Ahmadi: Let me say that the Taliban have not abandoned the entire system of the government. They are using the bureaucracy of the government in some cases, unfortunately, for repression. They have kept the body of the government’s bureaucracy for repression. For example, they have changed the Directorate of National Security into intelligence as a means of repression. Likewise, for them, the Ministries of Interior and Defense are means of repression. The Taliban have preserved the bureaucracy of the previous government in these fields but use them to suppress the people of Afghanistan.
At the same time, they have eliminated the structure of the government in specific other fields: They have broken the legal and executive structures that allowed the civil Society of Afghanistan to express themselves and to speak about their rights. They have destroyed the judiciary system’s configuration, have limited access to information, and consider public gatherings a kind of danger and threat. They hold a security perspective on public gatherings and treat them harshly. They have unofficially dissolved political parties and have removed the legal structure of parties in the Ministry of Justice. They destroyed the parliament and removed the legislative branch, where people’s representatives used to gather and legislate on behalf of the public. The parliament was functioning as a monitoring body of the government’s actions which the Taliban destroyed. They have weakened the academic independence of universities. They want to indoctrinate their views through these institutions and make everyone the same as themselves.
Be careful that civil society will lose its breath when these legal and executive structures are broken. Civil society breathes in the context of these institutions and within the capacities hidden in these institutions. It is good to pay attention to this point very seriously.
Let me also say another point to complete my words: All we express as setbacks or challenges do not mean that there is no capacity left in the country or there is no capacity in society at all. The Taliban indeed has the will to control, assimilate and suppress, but this will is not always successful. Because first of all, the Taliban is not an absolute and undisputed power that can do whatever it wants in Afghanistan. Because this group, anyway, has a series of international commitments. The minor responsibility it has to the international community and the minimum flexibility it shows towards the Afghanistan’s people is a capacity. It also creates accommodation for the civil society of Afghanistan. It gives them a chance to breathe and a chance to strengthen themselves. Afghanistan’s civil society should consider this an opportunity and use it for their improvement.

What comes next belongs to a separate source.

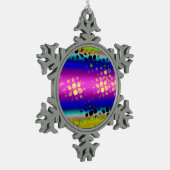 カラフル抽象芸術 スノーフレークピューターオーナメント (左)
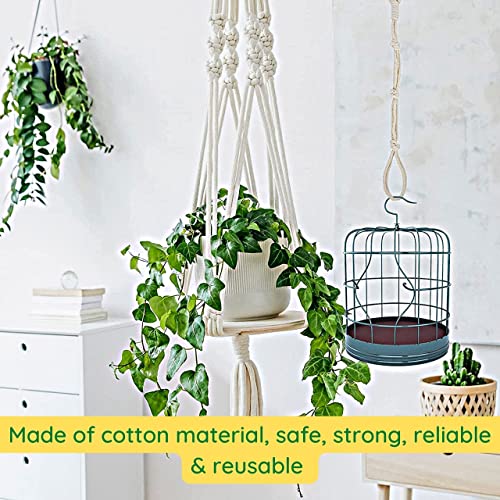 Image of ecofynd Pack of 5 25 inches Cotton Plant Hanger Extender Rope, Hanging Plant Pot Holders, Hanging Planters Extender (Color- Ivory)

Another critical point is that we live in the age of digital. In the age of digital, no power can barrier access to information, neither teaching nor learning. These are the capacities that we can use. Another point is that the people of Afghanistan are engaged people of the world. They are global citizens. I think a famous American thinker has said that the people of Afghanistan are the people of the world. It is a people who live in the world. Many among them are aware of the world situation. According to this thinker, Afghans’ relationships and interactions with the world are more than American citizens. According to statistics, the average of travel, communication, and contact of Afghan people with the world is much larger than that of American citizens. These all create capacities that can be relied upon to overcome challenges.